Grad through frozen weights

Joshua_Clancy · June 8, 2020, 6:32pm

I am a little confused, please help enlighten me.

Imagine an image model with cats and dogs data. I have seen models where there is a trainable autoencoder recreating the image, and then the output is passed through a frozen resnet encoder, with a trainable top linear layer categorizing cat and dog.

That is, we have the input travel through trainable layers, frozen layers, and then trainable layers again. How can that possibly train? What are the general rules around training through frozen weights? I have tested training an autoencoder model through a frozen decoder… that seems to work. But adding a trainable layer afterward seems to me to break the chain.

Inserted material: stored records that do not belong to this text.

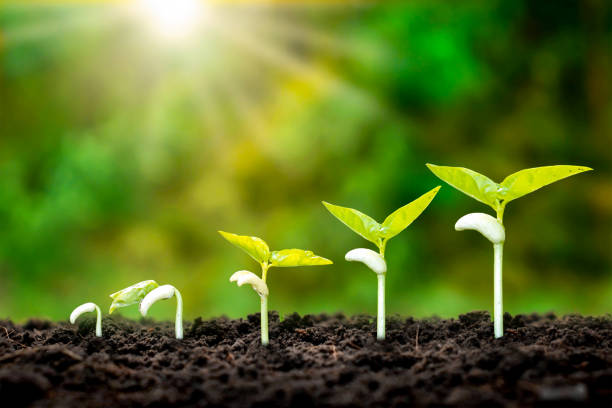istock The sequence of seedling development of plants grown on the ground, including green backgrounds, the concept of plant growth and agriculture. 1265004425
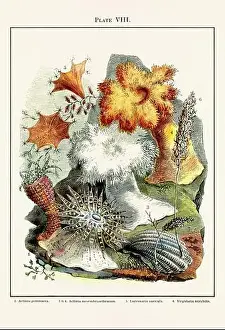 Vintage aquarium illustration from a 19th-century book on marine aquariums, their establishment, and preservation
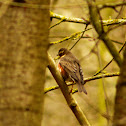Redwing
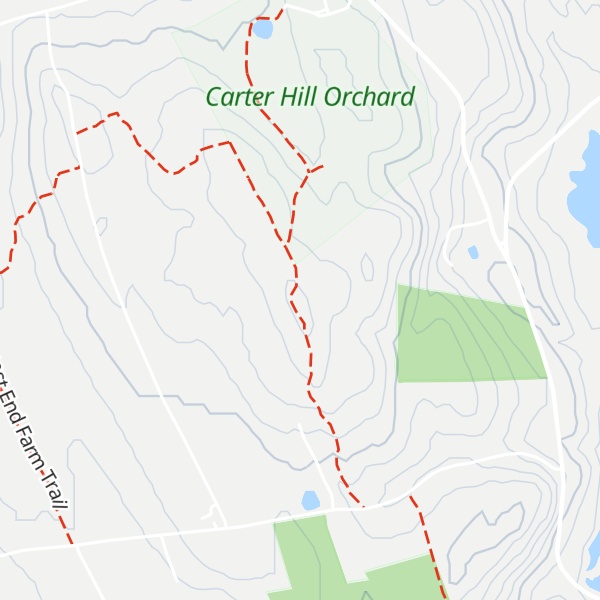 Map of Pine Hill
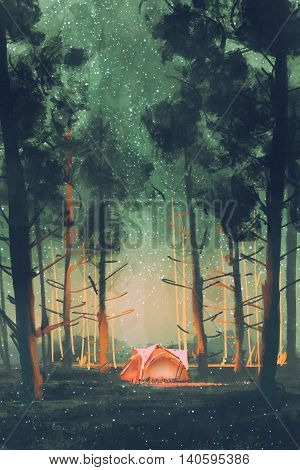 camping in forest at night with stars and fireflies, illustration digital painting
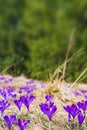 Blooming Crocus Background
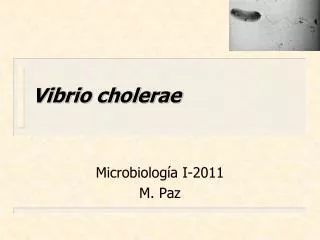 vibrio cholerae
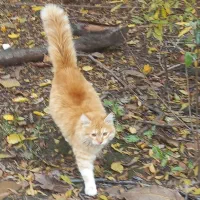 گربه پرشین|گربه|گرگان, |دیوار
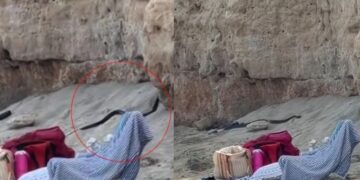 Τρόμος σε γνωστή παραλία: Εμφανίστηκαν μαύρα φίδια από το πουθενά – Έκοβαν βόλτα ανάμεσα στους λουόμενους (video)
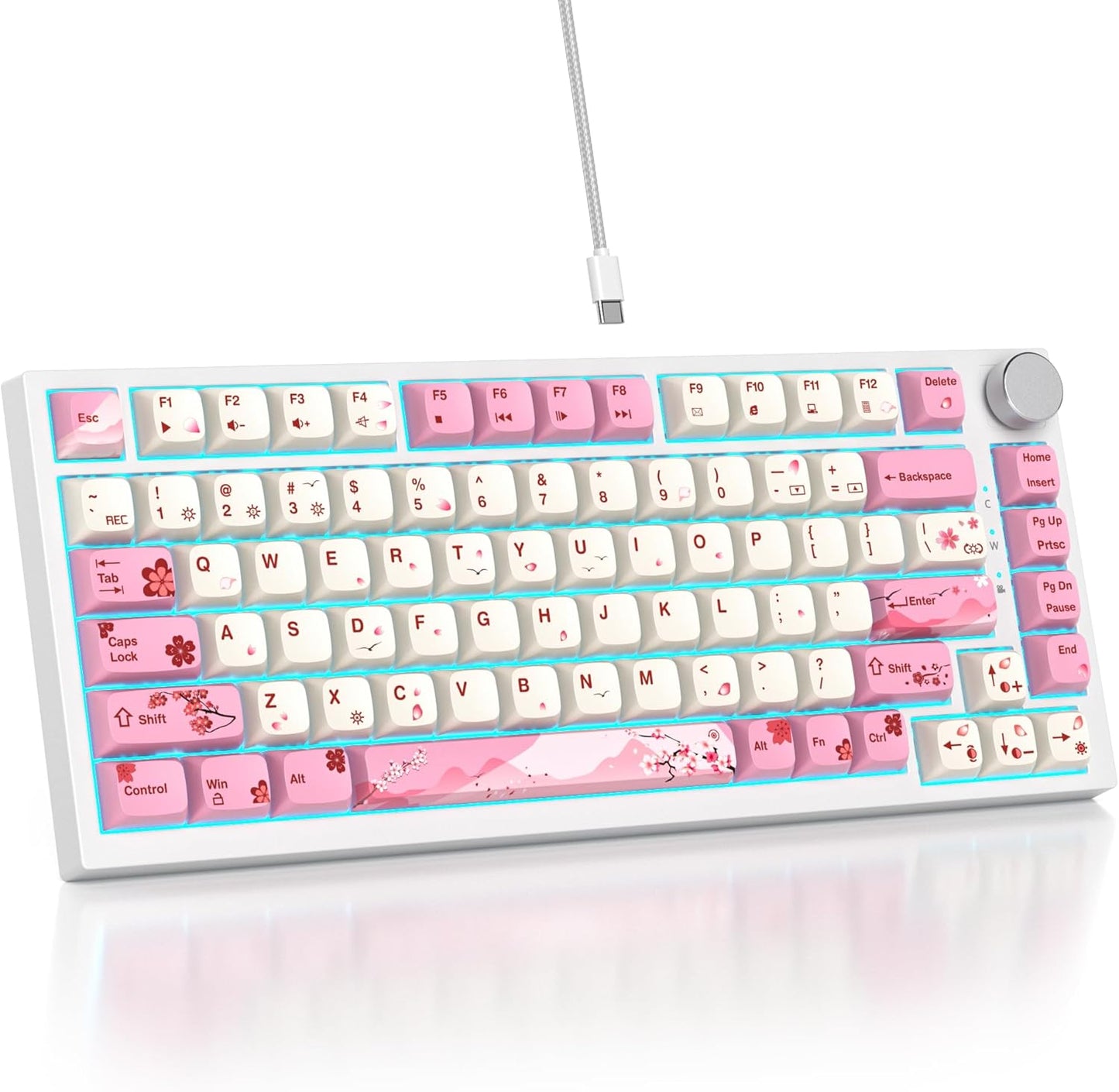 75% TKL Wired Mechanical Keyboard,RGB Backlit Gasket Mount 82 Key Hot Swappable Custom Linear Red Switch Gaming Keyboard with Volume Knob & PBT Keycaps (82 Shoko)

Follow up related question, I have seen situations where the input variable/tensor has a grad, while the weights/bias don’t have a grad (are frozen). Is this what allows differentiation through frozen layers to work?

Thanks!!!

ptrblck · June 10, 2020, 5:55am

Autograd will make sure to continue the backpropagation to the first parameter, which needs gradients even if frozen layers are between other trainable layers.
You could set the requires_grad attribute to True for the input, but that would force Autograd to backpropagate to the input, whether or not some layers are frozen.
If you don’t need the gradient in your input tensor, I would recommend not to set requires_grad=True for it.

kmsd · June 2, 2023, 4:19pm

In this case, is the backpropagation through the frozen layers the same as through the trainable layers? Or does autograd not take the derivative with respect to the frozen weights (only taking it with respect to the activations), in which case the computational load on frozen layers is half(?) that of the trainable layers?

In my case, I have a Transformer encoder (RoBERTa) with a trainable embedding layer, and everything subsequent is frozen. I want to know whether the backwards pass is the same as if everything were trainable, being that the embeddings need to be updated, or whether significant computation is saved on the backwards pass since all the transformer layers (and everything except the embeddings) are frozen.

ptrblck · June 2, 2023, 5:45pm

This is the case as seen in this post where the wgrad kernels are missing if I freeze an intermediate layer while the dgrad kernels are still visible.